▶ **Information shown**
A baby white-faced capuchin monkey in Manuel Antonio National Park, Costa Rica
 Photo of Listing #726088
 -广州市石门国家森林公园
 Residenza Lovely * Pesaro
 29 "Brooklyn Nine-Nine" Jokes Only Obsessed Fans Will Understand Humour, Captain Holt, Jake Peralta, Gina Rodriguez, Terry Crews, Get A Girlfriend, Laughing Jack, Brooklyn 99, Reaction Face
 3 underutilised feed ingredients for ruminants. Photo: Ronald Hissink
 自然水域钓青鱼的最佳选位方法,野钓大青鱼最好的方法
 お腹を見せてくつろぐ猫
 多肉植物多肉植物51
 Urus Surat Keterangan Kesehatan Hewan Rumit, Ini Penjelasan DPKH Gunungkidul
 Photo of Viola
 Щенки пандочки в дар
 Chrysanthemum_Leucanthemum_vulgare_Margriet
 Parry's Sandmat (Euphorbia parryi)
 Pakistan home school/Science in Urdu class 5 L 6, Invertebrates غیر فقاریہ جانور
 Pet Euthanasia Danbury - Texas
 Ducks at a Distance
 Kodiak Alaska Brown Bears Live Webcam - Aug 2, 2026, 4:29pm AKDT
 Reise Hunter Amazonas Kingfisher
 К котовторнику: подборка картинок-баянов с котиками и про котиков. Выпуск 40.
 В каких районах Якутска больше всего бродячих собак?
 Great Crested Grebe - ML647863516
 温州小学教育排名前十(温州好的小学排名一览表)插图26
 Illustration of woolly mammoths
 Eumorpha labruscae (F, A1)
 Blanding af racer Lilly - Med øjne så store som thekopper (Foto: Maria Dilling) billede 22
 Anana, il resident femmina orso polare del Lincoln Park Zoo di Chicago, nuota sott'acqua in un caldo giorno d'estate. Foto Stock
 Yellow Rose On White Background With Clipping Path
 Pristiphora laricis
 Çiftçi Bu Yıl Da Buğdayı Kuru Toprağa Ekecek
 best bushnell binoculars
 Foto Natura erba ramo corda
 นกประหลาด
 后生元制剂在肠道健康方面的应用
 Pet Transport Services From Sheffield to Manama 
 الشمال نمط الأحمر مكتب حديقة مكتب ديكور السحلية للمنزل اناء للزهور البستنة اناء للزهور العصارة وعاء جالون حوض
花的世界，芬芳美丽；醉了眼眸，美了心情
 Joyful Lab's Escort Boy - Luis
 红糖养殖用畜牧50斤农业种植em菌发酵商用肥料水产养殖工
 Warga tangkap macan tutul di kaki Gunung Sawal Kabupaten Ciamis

▶ **What is required**
Reproduce exactly the lines above from the line with "Photo of Listing #726088" to the line with "Ducks at a Distance", including both, and add nothing.

▶ **Solution**
 Photo of Listing #726088
 -广州市石门国家森林公园
 Residenza Lovely * Pesaro
 29 "Brooklyn Nine-Nine" Jokes Only Obsessed Fans Will Understand Humour, Captain Holt, Jake Peralta, Gina Rodriguez, Terry Crews, Get A Girlfriend, Laughing Jack, Brooklyn 99, Reaction Face
 3 underutilised feed ingredients for ruminants. Photo: Ronald Hissink
 自然水域钓青鱼的最佳选位方法,野钓大青鱼最好的方法
 お腹を見せてくつろぐ猫
 多肉植物多肉植物51
 Urus Surat Keterangan Kesehatan Hewan Rumit, Ini Penjelasan DPKH Gunungkidul
 Photo of Viola
 Щенки пандочки в дар
 Chrysanthemum_Leucanthemum_vulgare_Margriet
 Parry's Sandmat (Euphorbia parryi)
 Pakistan home school/Science in Urdu class 5 L 6, Invertebrates غیر فقاریہ جانور
 Pet Euthanasia Danbury - Texas
 Ducks at a Distance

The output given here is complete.